§ **ACTIVITY**: Write out every line exactly, from the first line of the records below through the line that contains "A solo seat great for eating alone".

___

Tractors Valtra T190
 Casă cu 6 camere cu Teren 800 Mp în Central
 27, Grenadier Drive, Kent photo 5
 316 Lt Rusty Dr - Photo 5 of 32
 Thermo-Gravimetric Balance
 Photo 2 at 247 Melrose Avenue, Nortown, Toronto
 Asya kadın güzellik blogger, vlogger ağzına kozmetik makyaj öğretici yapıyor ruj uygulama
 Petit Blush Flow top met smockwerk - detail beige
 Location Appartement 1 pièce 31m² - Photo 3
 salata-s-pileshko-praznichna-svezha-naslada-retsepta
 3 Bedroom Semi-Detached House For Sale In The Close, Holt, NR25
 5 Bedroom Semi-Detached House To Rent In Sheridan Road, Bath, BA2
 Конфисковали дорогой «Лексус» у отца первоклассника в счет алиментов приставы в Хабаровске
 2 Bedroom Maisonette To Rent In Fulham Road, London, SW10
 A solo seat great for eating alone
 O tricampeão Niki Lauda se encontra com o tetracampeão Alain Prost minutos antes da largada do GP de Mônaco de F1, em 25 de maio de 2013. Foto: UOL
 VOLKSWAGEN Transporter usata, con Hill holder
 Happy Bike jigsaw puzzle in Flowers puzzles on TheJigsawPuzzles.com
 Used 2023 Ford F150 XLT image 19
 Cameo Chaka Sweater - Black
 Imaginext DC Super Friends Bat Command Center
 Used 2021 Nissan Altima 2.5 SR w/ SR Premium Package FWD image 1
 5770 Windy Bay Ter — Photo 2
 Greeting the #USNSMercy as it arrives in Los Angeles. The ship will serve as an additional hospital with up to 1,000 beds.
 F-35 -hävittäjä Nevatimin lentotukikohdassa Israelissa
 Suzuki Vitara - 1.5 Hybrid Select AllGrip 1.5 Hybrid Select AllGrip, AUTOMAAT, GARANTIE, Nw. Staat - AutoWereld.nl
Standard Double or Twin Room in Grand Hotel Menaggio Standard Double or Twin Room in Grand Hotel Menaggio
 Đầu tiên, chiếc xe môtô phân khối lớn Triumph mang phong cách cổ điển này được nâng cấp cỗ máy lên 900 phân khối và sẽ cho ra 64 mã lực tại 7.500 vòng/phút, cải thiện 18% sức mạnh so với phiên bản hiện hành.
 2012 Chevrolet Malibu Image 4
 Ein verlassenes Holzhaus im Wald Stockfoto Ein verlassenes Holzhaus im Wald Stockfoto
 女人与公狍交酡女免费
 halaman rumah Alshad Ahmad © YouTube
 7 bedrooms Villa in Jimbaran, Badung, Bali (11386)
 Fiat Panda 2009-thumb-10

___

§ **SOLVED PROBLEM**:
Tractors Valtra T190
 Casă cu 6 camere cu Teren 800 Mp în Central
 27, Grenadier Drive, Kent photo 5
 316 Lt Rusty Dr - Photo 5 of 32
 Thermo-Gravimetric Balance
 Photo 2 at 247 Melrose Avenue, Nortown, Toronto
 Asya kadın güzellik blogger, vlogger ağzına kozmetik makyaj öğretici yapıyor ruj uygulama
 Petit Blush Flow top met smockwerk - detail beige
 Location Appartement 1 pièce 31m² - Photo 3
 salata-s-pileshko-praznichna-svezha-naslada-retsepta
 3 Bedroom Semi-Detached House For Sale In The Close, Holt, NR25
 5 Bedroom Semi-Detached House To Rent In Sheridan Road, Bath, BA2
 Конфисковали дорогой «Лексус» у отца первоклассника в счет алиментов приставы в Хабаровске
 2 Bedroom Maisonette To Rent In Fulham Road, London, SW10
 A solo seat great for eating alone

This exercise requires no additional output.